**AVAILABLE RECORDS**
+ + + + + + +
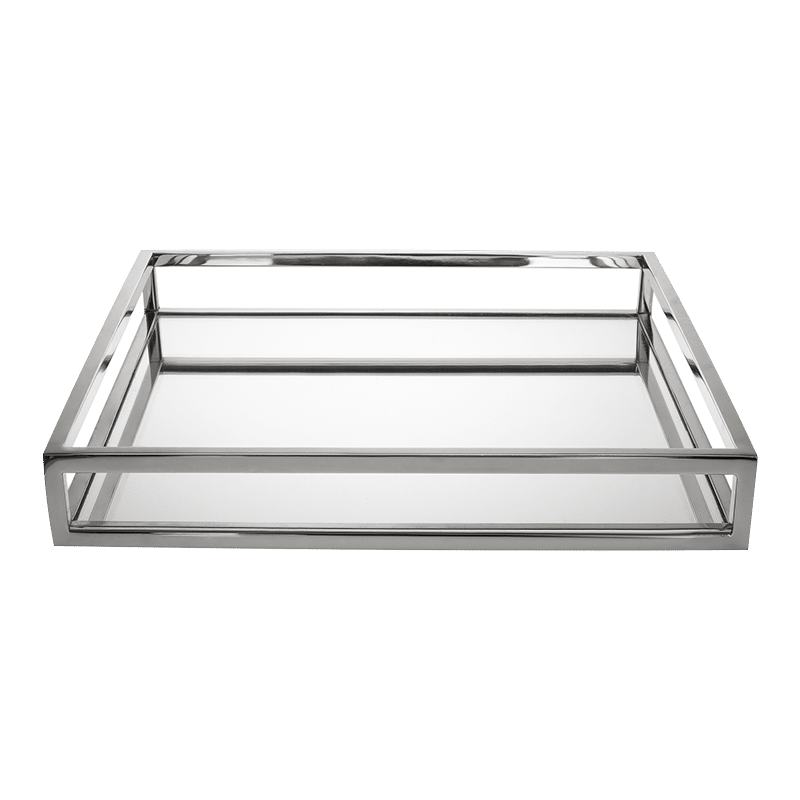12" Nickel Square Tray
+ + + + + + +
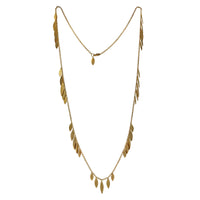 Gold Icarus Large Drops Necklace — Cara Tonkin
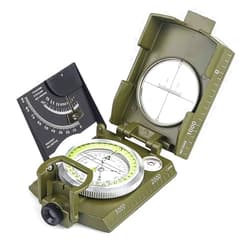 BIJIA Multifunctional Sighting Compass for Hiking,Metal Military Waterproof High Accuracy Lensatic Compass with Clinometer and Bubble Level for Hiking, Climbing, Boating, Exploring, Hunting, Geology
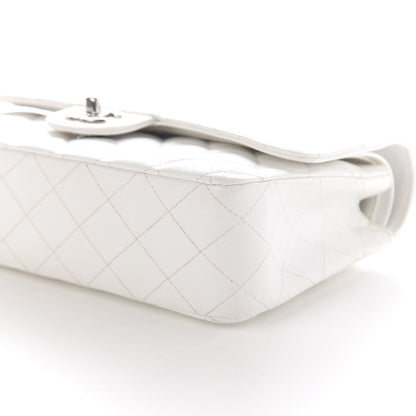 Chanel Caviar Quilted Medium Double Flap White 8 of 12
+ + + + + + +
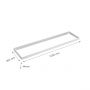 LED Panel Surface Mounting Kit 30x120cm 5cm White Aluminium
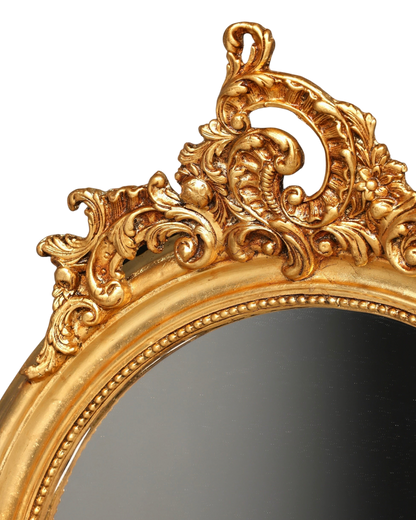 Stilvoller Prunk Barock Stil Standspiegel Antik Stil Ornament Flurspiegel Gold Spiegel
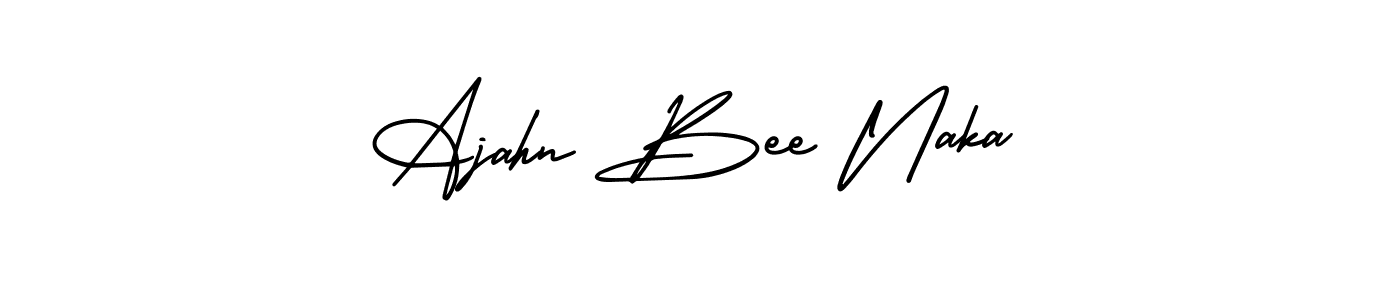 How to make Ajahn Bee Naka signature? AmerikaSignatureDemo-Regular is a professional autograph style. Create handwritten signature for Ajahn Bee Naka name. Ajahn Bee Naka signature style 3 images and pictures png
+ + + + + + +
**YOUR INSTRUCTIONS**
I'd like the lines above repeated exactly, from the one that contains "Gold Icarus Large" through the one that contains "Chanel Caviar Quilted", with no pictures.

**ANSWER FOR THIS EXERCISE**
 Gold Icarus Large Drops Necklace — Cara Tonkin
 BIJIA Multifunctional Sighting Compass for Hiking,Metal Military Waterproof High Accuracy Lensatic Compass with Clinometer and Bubble Level for Hiking, Climbing, Boating, Exploring, Hunting, Geology
 Chanel Caviar Quilted Medium Double Flap White 8 of 12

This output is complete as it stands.